Quack, Quack! Discernment Needed!

I am a fan of humor, which is off-kilter, offbeat and unconventional. One of my favorite authors of this genre is Douglas Adams. In his book Dirk Gently’s Holistic Detective Agency, he provides the following reinterpretation of a familiar phrase: “If it looks like a duck, and quacks like a duck, we have at least to consider the possibility that we have a small aquatic bird of the family anatidae on our hands.”

In a previous posting I made mention of how critical it is for consumers to understand how financial planners are compensated. I stated that for the majority of the financial services industry “compensation falls into two broad categories: products and services provided and employment relationship. Both of these categories can have an impact on recommendations provided by the financial planner.”

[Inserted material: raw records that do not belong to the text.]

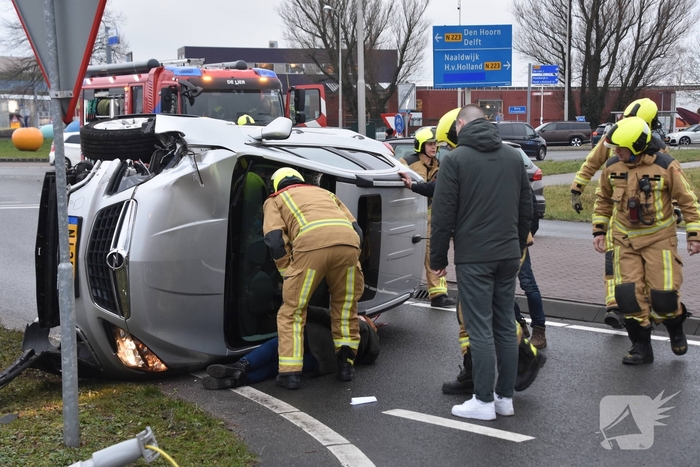 Persoon bekneld in auto na ongeval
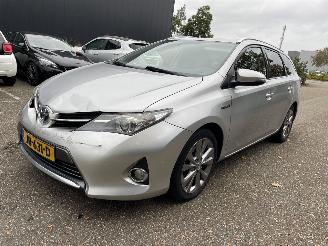uszkodzony samochody osobowe Toyota Auris 1.8 hybrid 2014/11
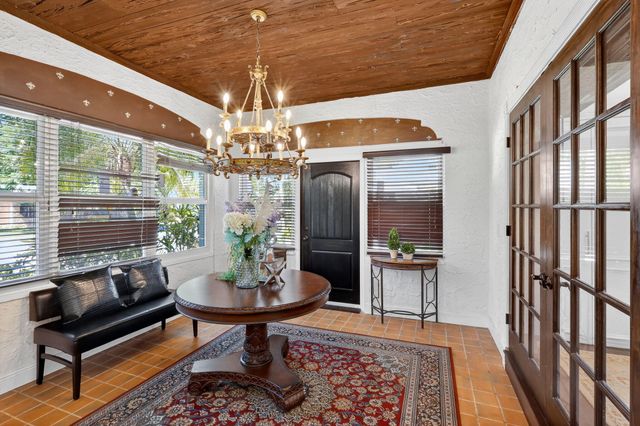 516-520 34th Street, West Palm Beach, FL 33407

Let’s return to our duck analogy. Literally, dozens of insurance companies and broker-dealers have made a conscious decision to offer “financial planning” services in order to promote the sales of their products and asset management services. This decision is beneficial for the firms in two ways: it generates sales through a loss leader (financial planning services) and provides some level of due diligence for the Financial Industry Regulatory Authority (FINRA).

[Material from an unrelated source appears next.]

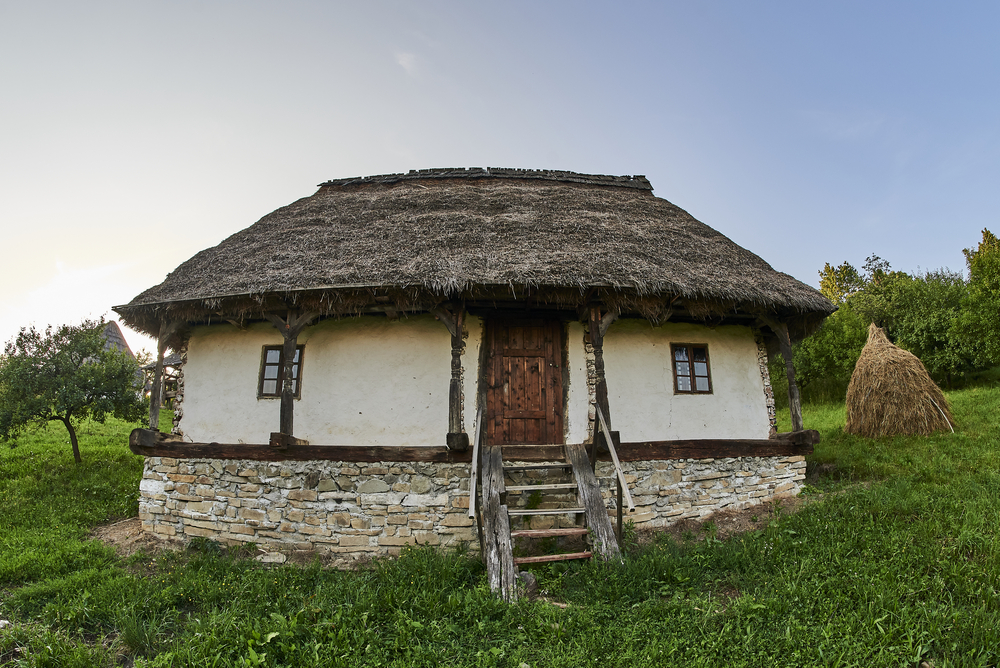 casa tradițională paiantă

These firms proclaim that the financial planning advice they offer is independent and objective. However, the recommendations that are made by their advisers and representatives are limited in scope – a fact which is not often disclosed. These firms may only make recommendations as to product and services which they themselves sell or offer.

This inability to recommend products or services which they themselves do not offer is a regulatory requirement. FINRA prohibits “selling away.” Selling Away is broadly interpreted by most firms as making a recommendation for a product or service for which they do not have a selling agreement or on which they have not performed due diligence. All of this is quite practical and protects the consumer.

So, if a financial adviser is paid commissions for the sale of products, or receives a fee for asset management, then that is the product or service for which they are providing. It is not financial planning. If a consumer is told they are receiving a free financial plan, but if it looks like an insurance sale; if the product is being sold to the consumer is by an insurance agent or broker; and if the adviser is being paid a commission then I submit to you the service being provided to the consumer is not financial planning, it is an insurance sale. Quack, quack! (Yup, this is a double entendre!)